As I have been exploring these questions, I have found some particularly helpful insights in the Eastern Orthodox tradition. Alexander Schmemann, an Orthodox theologian and priest suggests that we must understand the world as “eucharistic” and “sacramental”. By this he means that all created things have been given to us by God so that we can know and live in communion with God. He argues that we have failed to understand the world in this way, instead regarding it only in terms of how it can be used to fulfil our needs and materialistic desires. According to Schmemann, this is original sin. This shows us that climate change is a profoundly moral issue. This morality is not just about whether we do our recycling or take public transport instead of driving (though we definitely should if possible!), but a much more fundamental issue of the way that we view the relationship between ourselves and the earth.
If climate change is a problem of our relationship to the earth, then the question is how this relationship might be restored. Can we ever be reconciled with the rest of creation and where can we find hope about the situation of climate change?

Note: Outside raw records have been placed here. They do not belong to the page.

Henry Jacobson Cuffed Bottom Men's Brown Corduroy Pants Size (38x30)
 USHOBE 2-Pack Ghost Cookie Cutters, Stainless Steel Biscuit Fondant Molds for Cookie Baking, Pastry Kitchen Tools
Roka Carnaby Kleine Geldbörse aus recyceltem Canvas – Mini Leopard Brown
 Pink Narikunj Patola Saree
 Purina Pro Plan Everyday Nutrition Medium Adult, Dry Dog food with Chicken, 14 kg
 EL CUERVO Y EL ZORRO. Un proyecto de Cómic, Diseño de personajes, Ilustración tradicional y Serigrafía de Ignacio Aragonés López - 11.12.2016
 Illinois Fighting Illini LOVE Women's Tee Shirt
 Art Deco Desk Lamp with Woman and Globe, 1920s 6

As an Anglican, I decided to look back at some theologians from my own tradition to answer this question. Rowan Williams, for example, argues that, when we take part in the Eucharist, we are not only participating in a ritual, but are actually transformed. We move from what he describes as a “pre-sacramental state”, in which we are uncertain about the God’s promise of provision, into a “sacramental” one, where our solidarity with God, each other, and the earth is renewed. In this new “sacramental” state we are assured that God can provide for our needs, and our renewed solidarity with the earth and each other encourages us to live in greater harmony with the rest of creation. In this way, our previously sinful relationship with the earth is restored and forgiven, though this is not a once-for-all event, but instead happens each time we receive the Eucharist.
And what about the hope I mentioned earlier? The Eucharist not only looks back to Christ’s death and resurrection, or at our sin in the present, but also forward to the future. As we are transformed in the Eucharist, and our relationship to the earth is restored, we are also sent out into the world to witness to this transformation. There is already a hope implicit in this, but that hope is incomplete, because the transformation of our relationship with the earth does not itself mean that climate change will be stopped or reversed.
So where does our hope come from? The Eucharist points us forward to the end of time, when creation will be restored. This is not just meant to comfort us, or make us complacent about the very real and serious problem of climate change, nor to excuse unsustainable ways of living. Living sustainably, and in a way that does not demand from the earth more than it can give, is part of what it means to recognise the sacramentality of all living things in a restored relationship with the rest of creation. However, we know that this kind of individual action, while important, is not enough to effect the kind of systemic change that we need, and this is why we need a greater sense of hope. This hope serves as a reminder that our current situation is not normal or inevitable, but that there is hope and potential for change.